Allan Dunbar

Personal information
- Nationality: British (Scottish)
- Born: 6 February 1934 Stranraer, Scotland
- Died: 1 July 2011 Edinburgh, Scotland

Sport
- Sport: Athletics
- Event: Sprints
- Club: Victoria Park AAC

= Allan Dunbar =

Scottish athlete

Allan Sisson Dunbar (6 February 1934 – 1 July, 2011) was a track and field athlete from Scotland who competed at the 1958 British Empire and Commonwealth Games (now Commonwealth Games).

== Biography ==
Dunbar studied at the University of Glasgow and the Royal Scottish Academy of Music and Drama and was a member of the Victoria Park AAC. He was a teacher by profession, teaching speech and drama at Langside College in the late 1950s. He also represented Jordanhill Training College in competition.

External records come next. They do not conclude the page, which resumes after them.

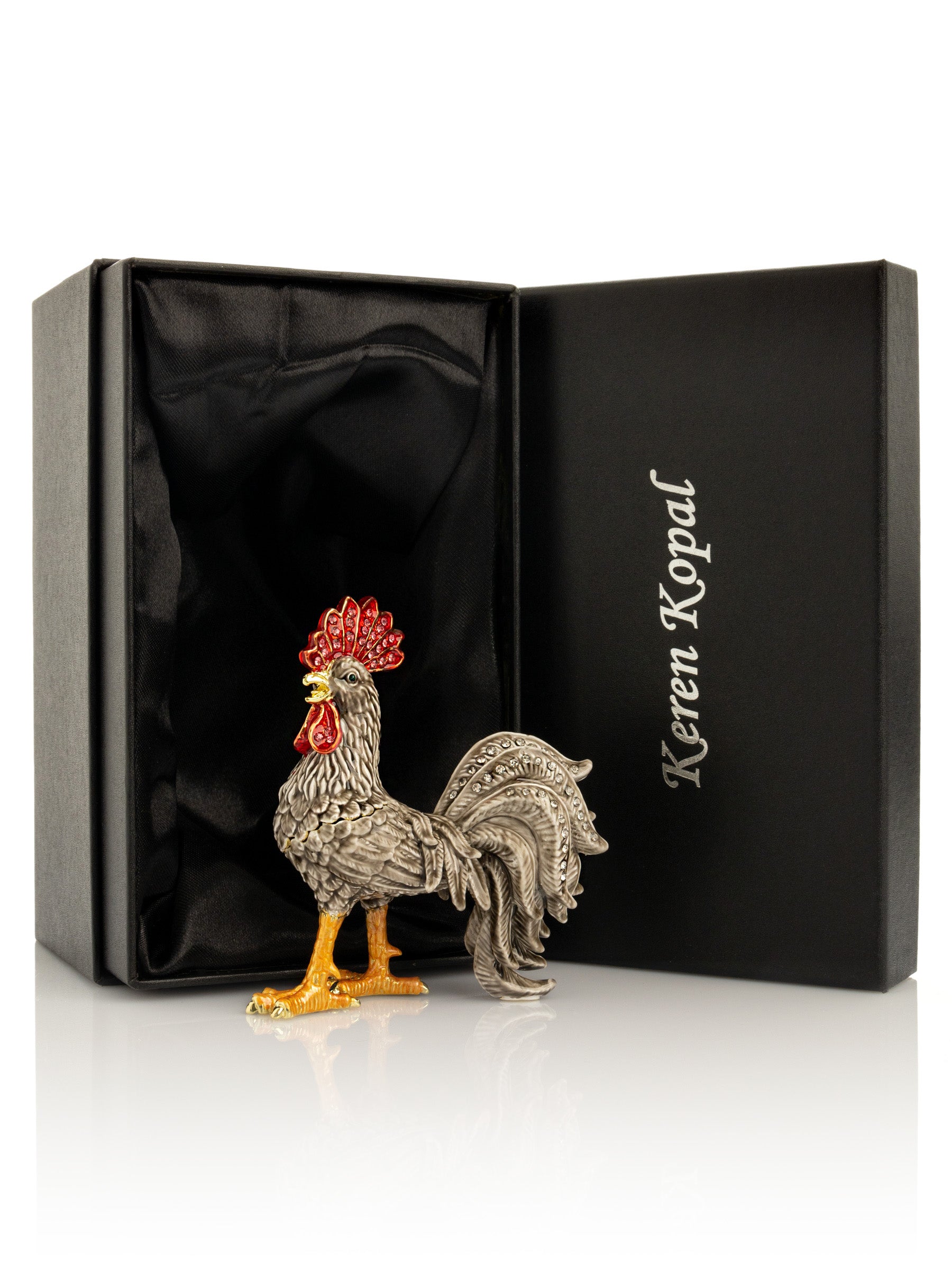 Gray Rooster Jewelry Trinket Box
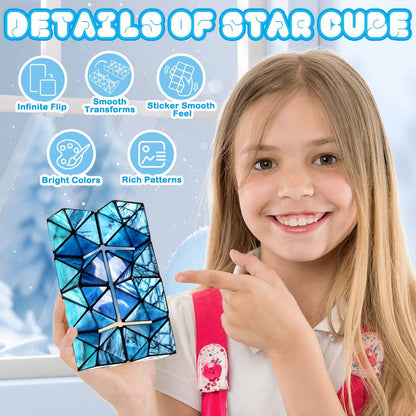 2 In 1 North South Poles Style Star Magic Cube For Kid And Adult Toy Ages 8-12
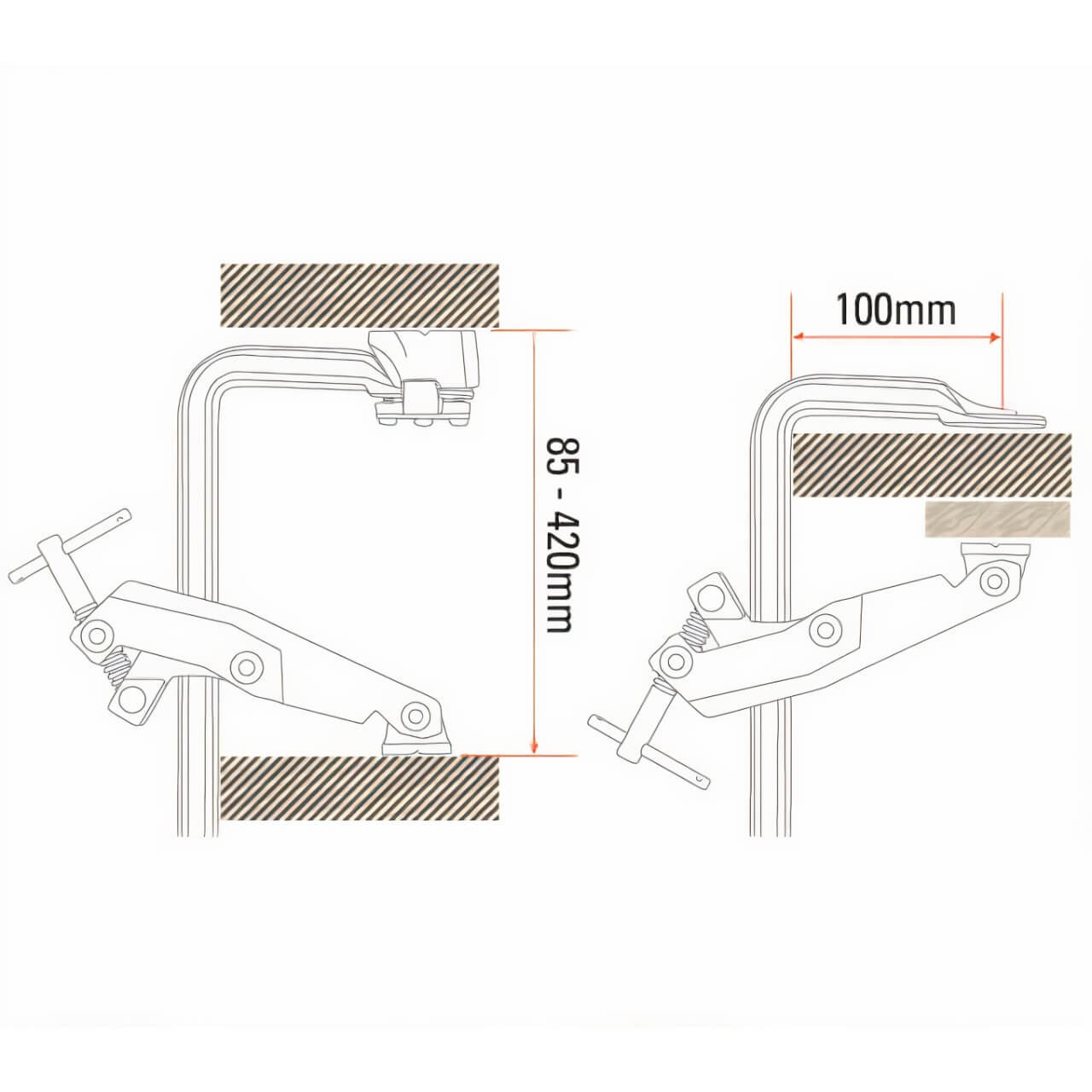 Trademaster 300 x 100mm 700kg Cantilever Clamp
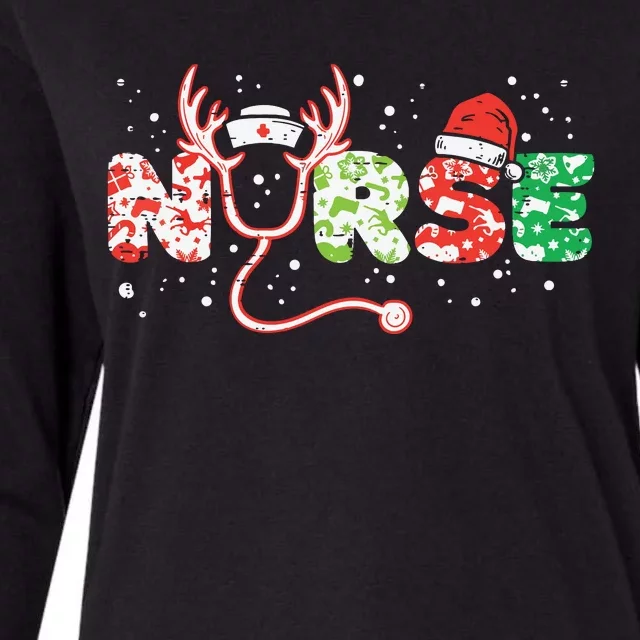 Nurse Christmas Stethoscope Nurses Xmas Scrub Top Women Womens Cotton Relaxed Long Sleeve T-Shirt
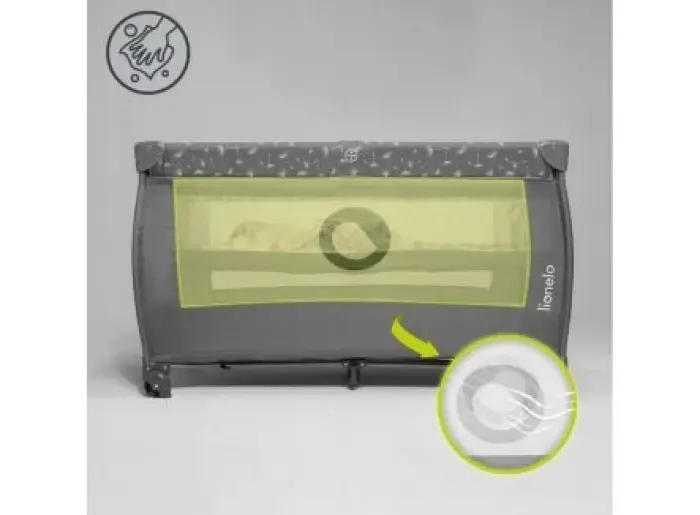Lionelo Stefi Plus Παρκοκρέβατο 2 Επιπέδων Olive Green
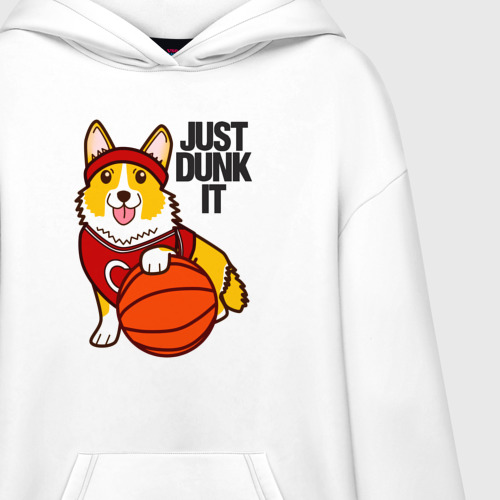 Худи SuperOversize хлопок Just dunk IT корги, цвет белый - фото 3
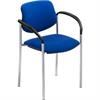 Stuhl mit Armlehnen blau Modell Chur mit Chromgestell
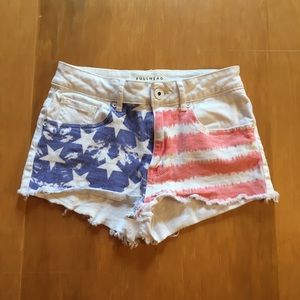 Bullhead Denim White Flag Shorts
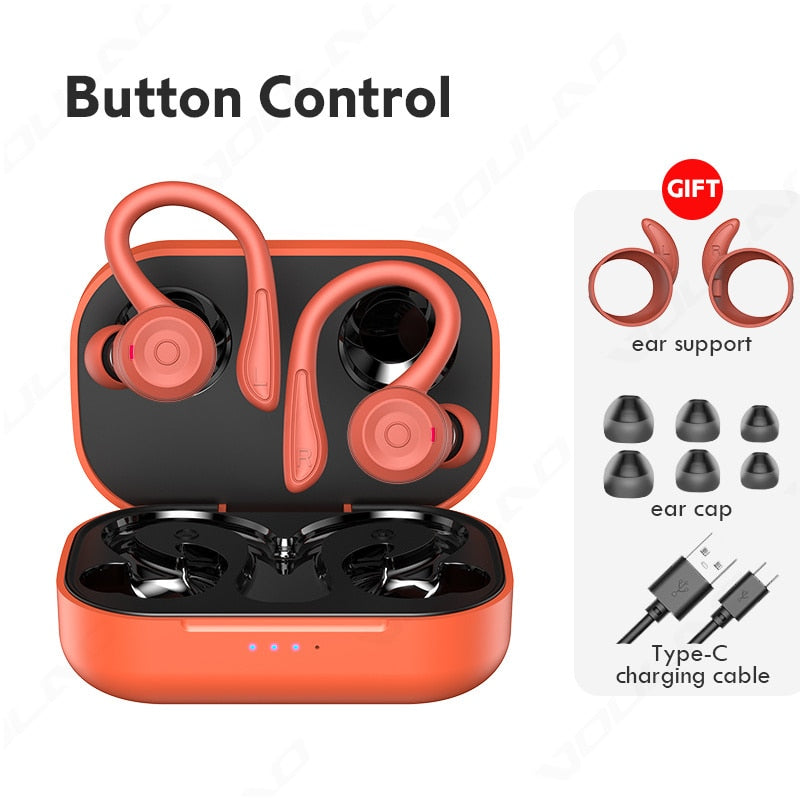 Wireless Bluetooth Headphones Sports Waterproof TWS Bluetooth 5.1 Earphone HiFi Stereo Earbuds Noise Cancelling Headset With Mic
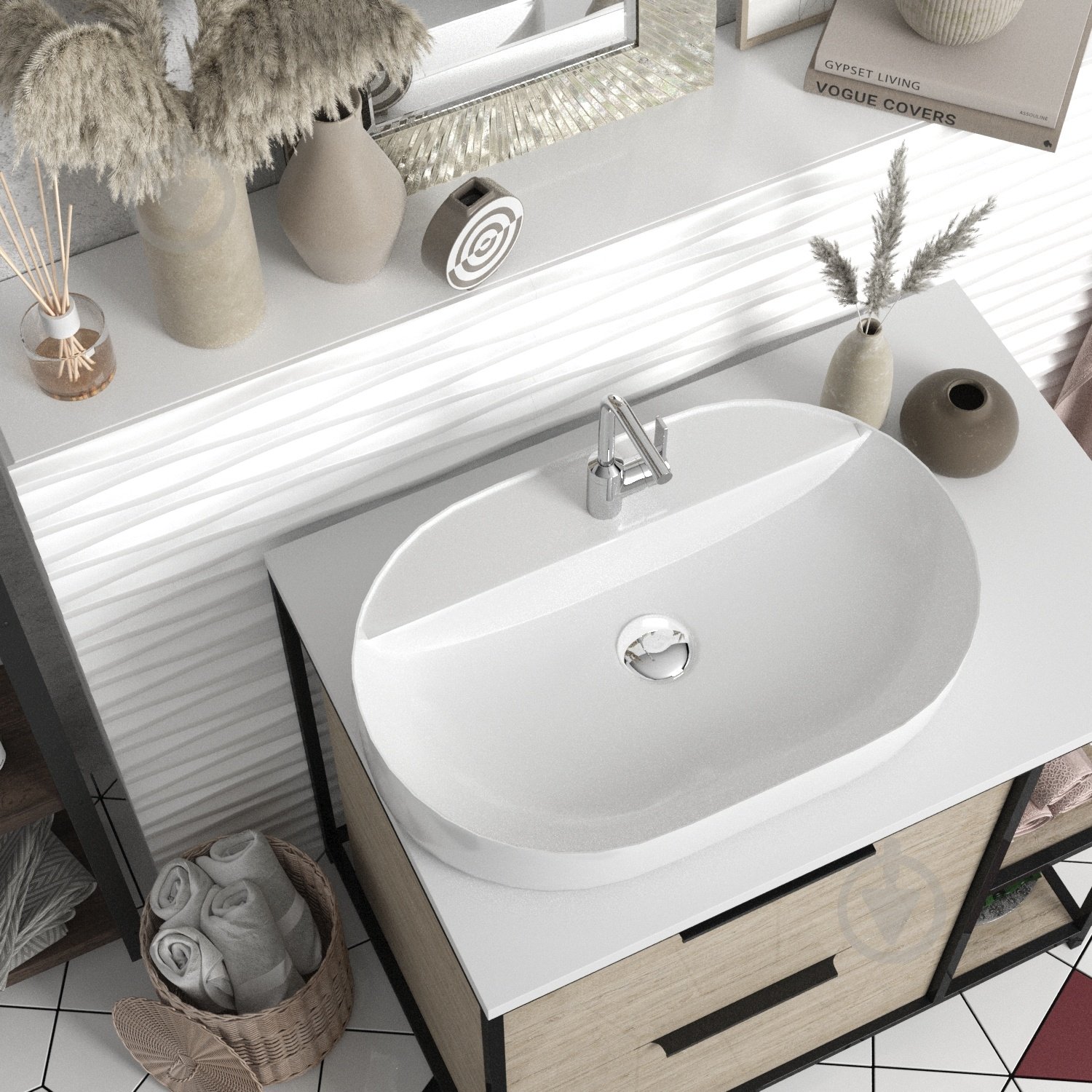 Умывальник с отверстием Helmken 46060000 2 в 1: овальный 60 см с донным клапаном Сlick-clack, хром - фото 9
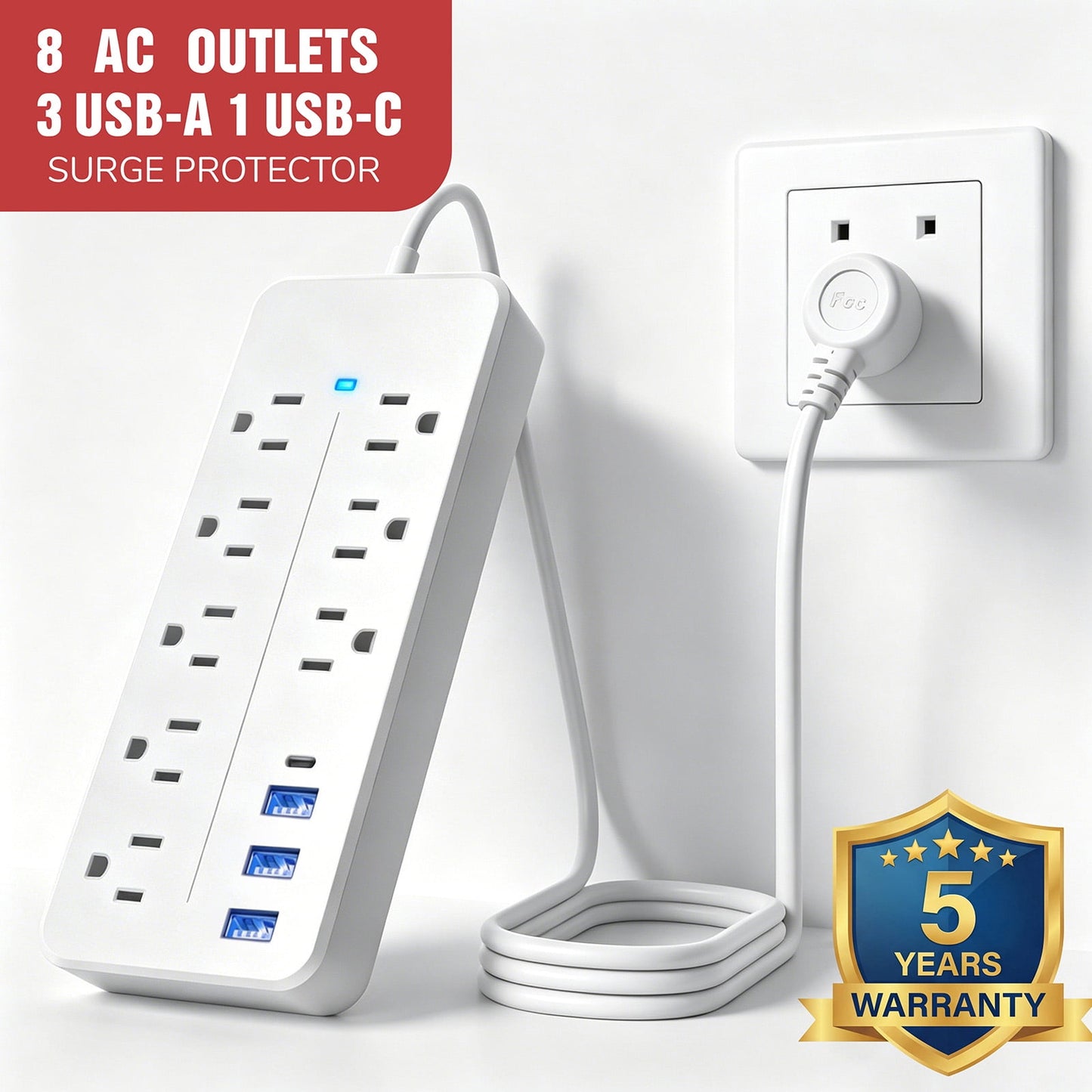 White power strip with outlets and USB ports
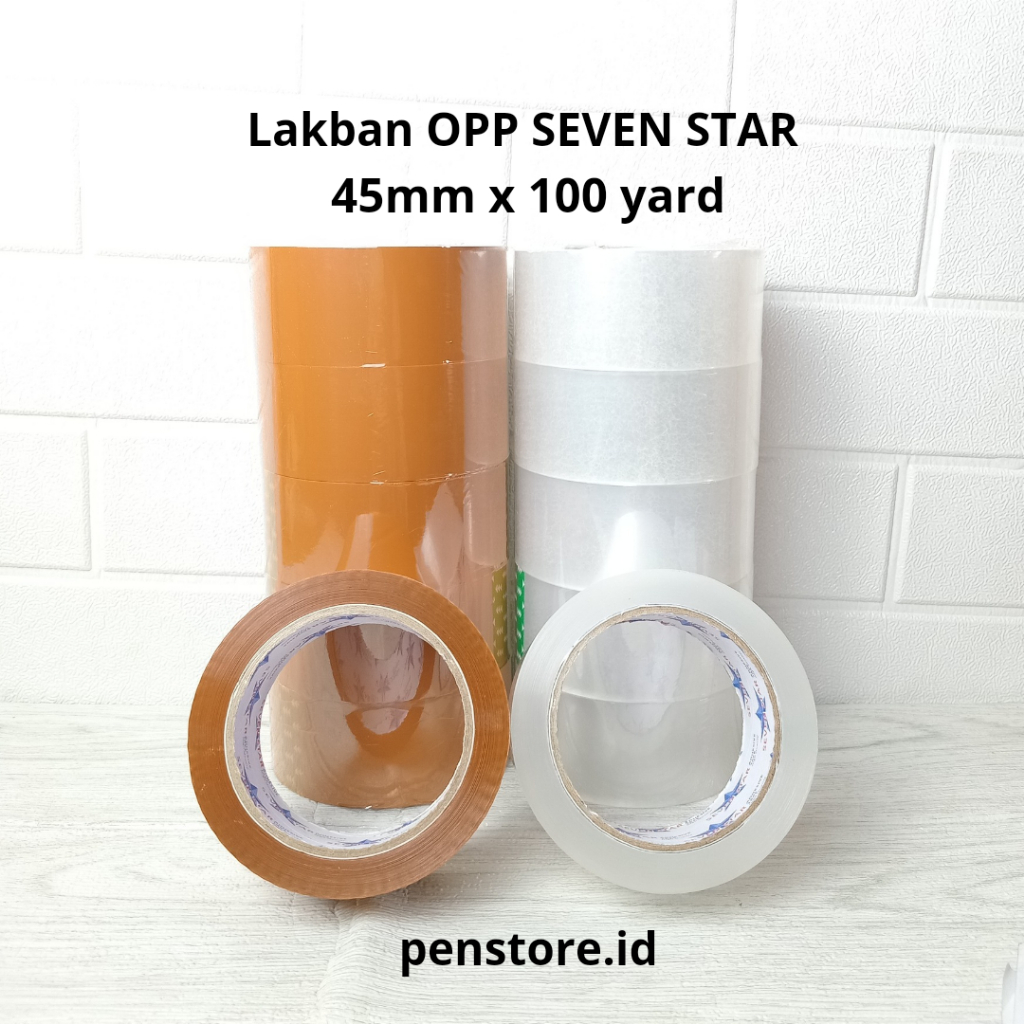 

Isolasi OPP STAR 2 inch x 100 yard Bening / Coklat - Lakban besar perekat tebal dan kuat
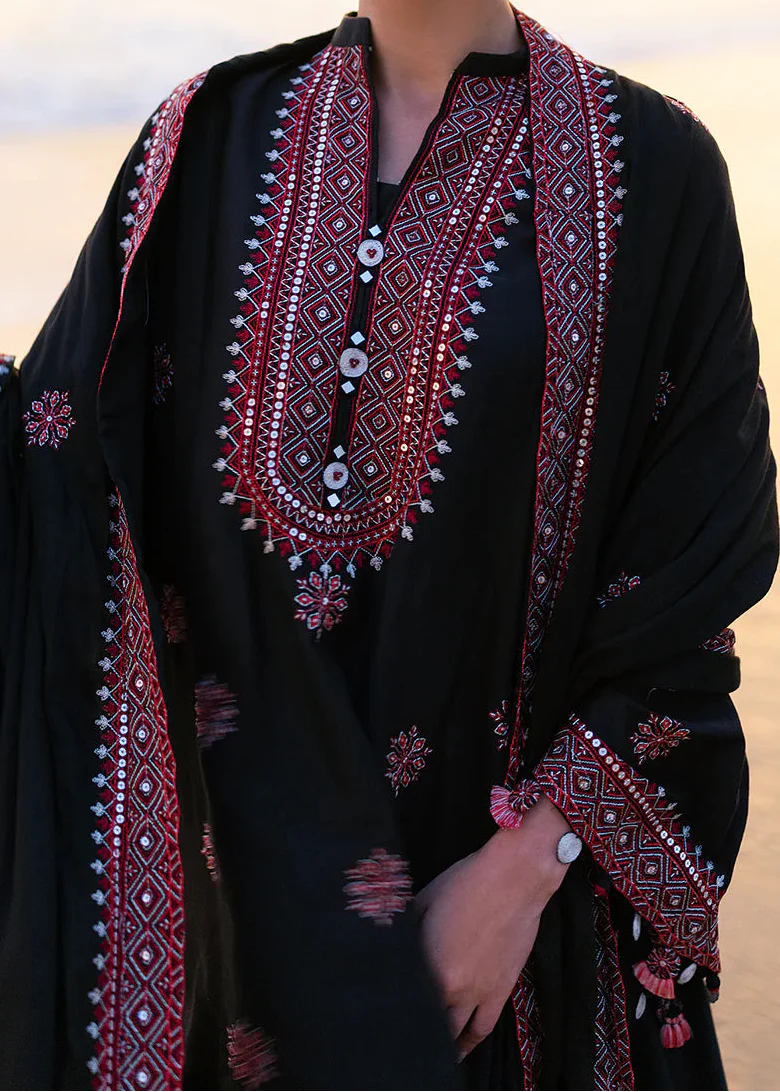 Grace Z-(W825) - Stitched Embroidered 3pc Marina Dress With Printed Shawl.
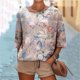 thumbnail image 2 of Mujeres 3/4 Manga Tops Y Blusas de Impresión Suelta Camisa Cortada, Casual Cuello Redondo Blusa para la Primavera Y el Verano, 2 of 5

Dunbar was twice Scottish champion over 100 yards and in February 1958 he was named by the Scottish AAA in the 'possibles list' for the forthcoming Commonwealth and Empire Games.

He represented the Scottish Empire and Commonwealth Games team at the 1958 British Empire Games in Cardiff, Wales, participating in one event, the 100 yards race.

Dunbar later taught drama at Queen Mary College for ten years. He died in 2011.